Forgive me, please, but I’m about to do a little shameless self-promotion to remind you of my E-workshops for writers after which we’ll get back to this week’s thoughts about writing.
I often teach writing workshops near the place I live, but since you and I don’t live in the same places, E-workshops are a way for us to connect without so much as a short walk required unless it’s the walk from your refrigerator to the computer.
I’d love to work with every Skylark reader personally, but this is the next best thing.
E-workshops for writers are designed to get you started if you’re a beginner and keep you going if you’ve been writing a while. These are four-week personal communications from me to you around a particular theme. E-workshops are appropriate for writers of fiction, nonfiction or poetry.
Current themes are “Among My Souvenirs,” “Make Mine Music,” “Poetry in Motion,” and “Places I Remember.” Choose the one that sounds interesting to you, and every week for four weeks, I’ll send a variety of writing prompts. You’ll use them to write wherever and whenever you like. Write at your desk, in the local coffee shop or in your pajamas at 3:00 a.m.!
I’ll write to you on Monday, Wednesday and Friday each of the four weeks. You can send me a couple of pages of prose or a couple of poems at the end of each week, and I’ll send you a little feedback. I don’t do a full critique but I do send back thoughts about the work. Some writers send something every week and others send nothing. It’s entirely up to you.
Writers who’ve done the E-workshops have found the prompts particularly helpful when applied to work in progress or in getting them started on pieces that either will, or already have, become longer.
The fee for four weeks is $40. If you’re interested, you can drop me a line at firstname.lastname@example.org. I’ll let you know where to send your check (sorry no credit cards or PayPal), and once I receive the check, I’ll send you a welcome message with more details and we’ll begin the following Monday.
Okay, end of commercial. Now back to our regular programming.

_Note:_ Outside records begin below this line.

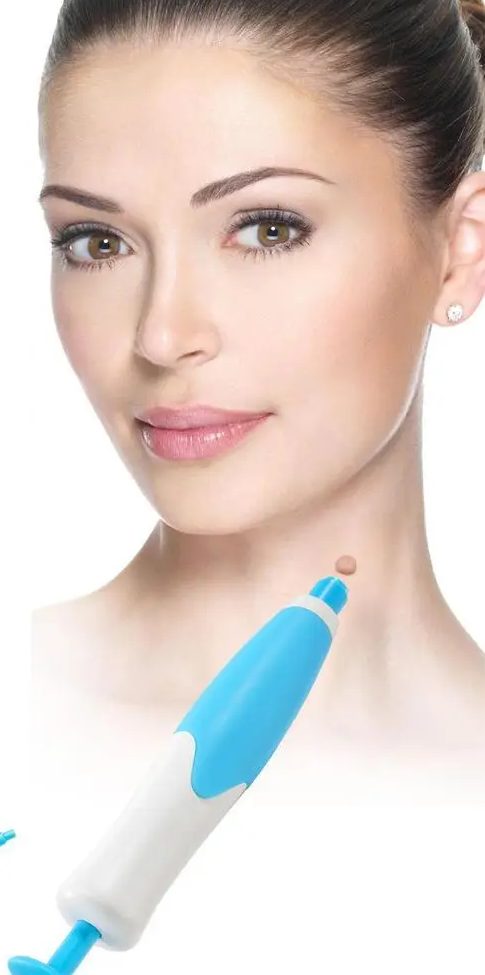 The applicator held against a skin tag on the side of the neck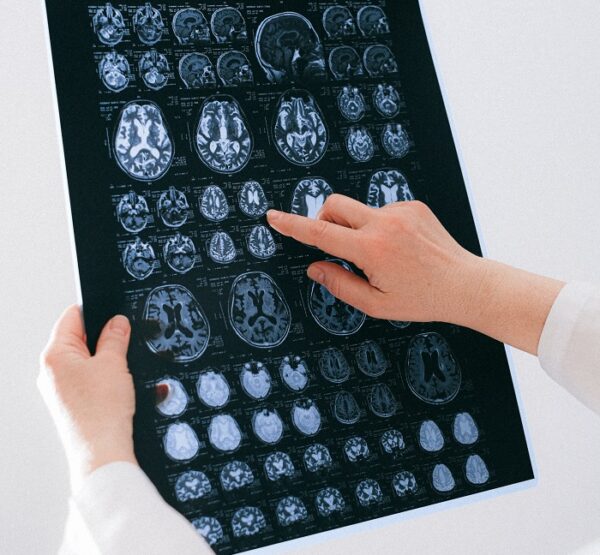 brain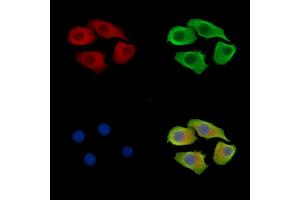 ABIN7095965 and ABIN7100027 staining Hela cells by IF/ICC. (SNX12 antibody)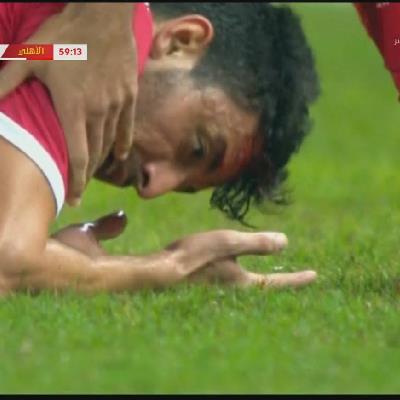 إصابة دموية لطاهر محمد طاهر في نهائي كأس مصر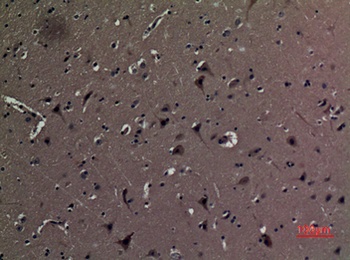 AAT rabbit pAb Antibody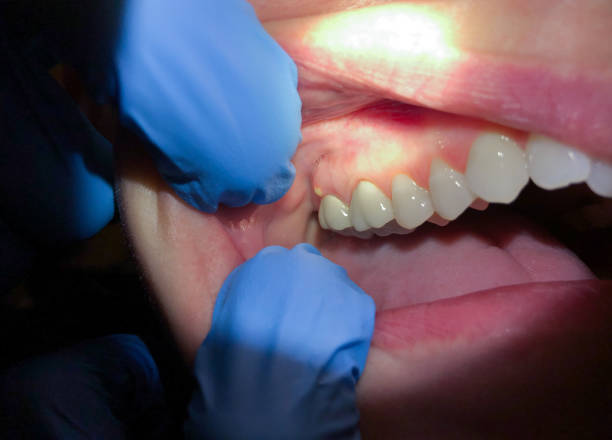 Best Broken Tooth Emergency  in North Ridgeville, OH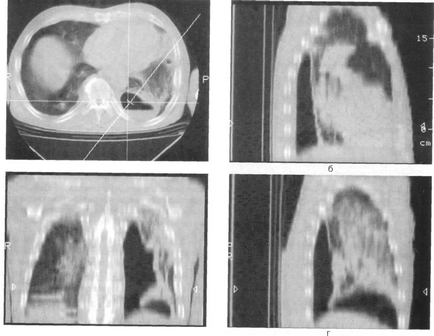 Pneumotorax, tomografie computerizată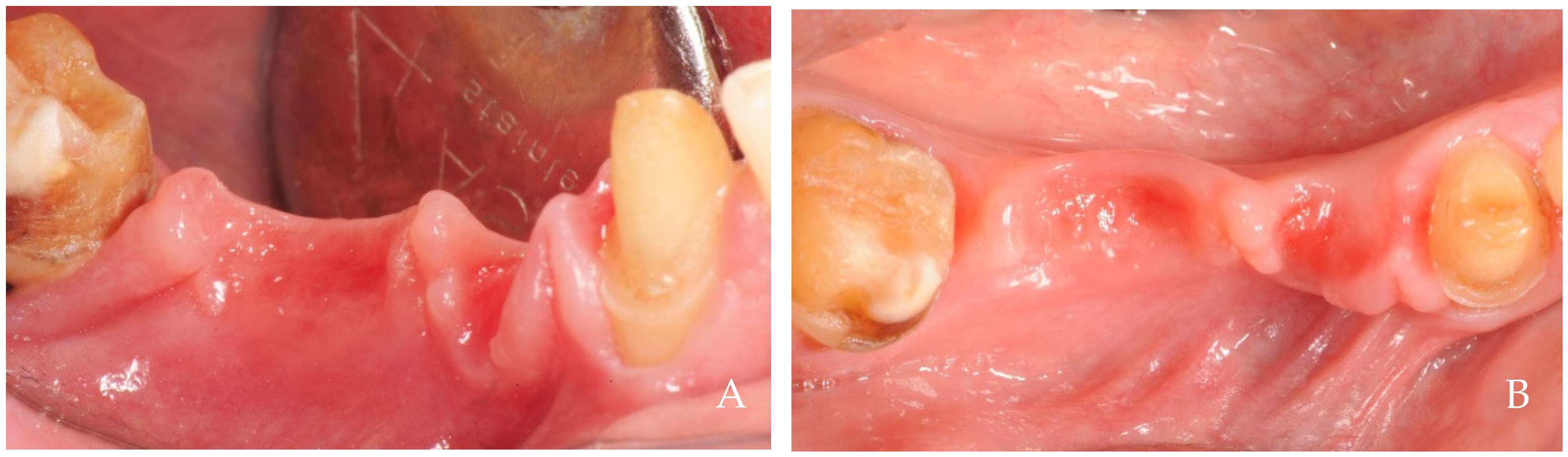 Dentistry 12 00216 g008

A would-be writer friend and I have been talking about writing lately. He’s led an interesting life and met a lot of colorful characters. I love listening to the stories he tells. He wants to write about them, but finds it daunting to sit down and write an entire story or memoir-type chapter. And yet, these characters and their stories are too good to lose.
I’m encouraging him to think about sketches instead of stories or chapters. He likes the idea and sees that writing can be much less daunting when you break it into pieces. And I’m sure once he gets the sketches – one or two pages – about each of these characters, he’ll find the rest of the material just waiting in the wings to be introduced and to shine.
If you feel daunted by your writing, ease up. Maybe sketches are a better way for you to go. In her book, The Writing Life, Annie Dillard notes that stories about writers who are so prolific it hurts add to our anxiety about writing.
She says, “Some people lift cars…Some people enter week-long sled-dog races, go over Niagara Falls in barrels, fly planes through the Arc de Triomphe. Some people feel no pain in childbirth. Some people eat cars. There is no call to take human extremes as norms.”
Don’t be intimidated by writers like Faulkner who supposedly wrote As I Lay Dying in six weeks while working a full-time job. You don’t have to write like that and God knows you don’t have to eat a car, go over Niagara Falls in a barrel or leap tall buildings in a single bound either.
Just sit down now and write one (1) single page and call it your own little miracle for today. It will be that.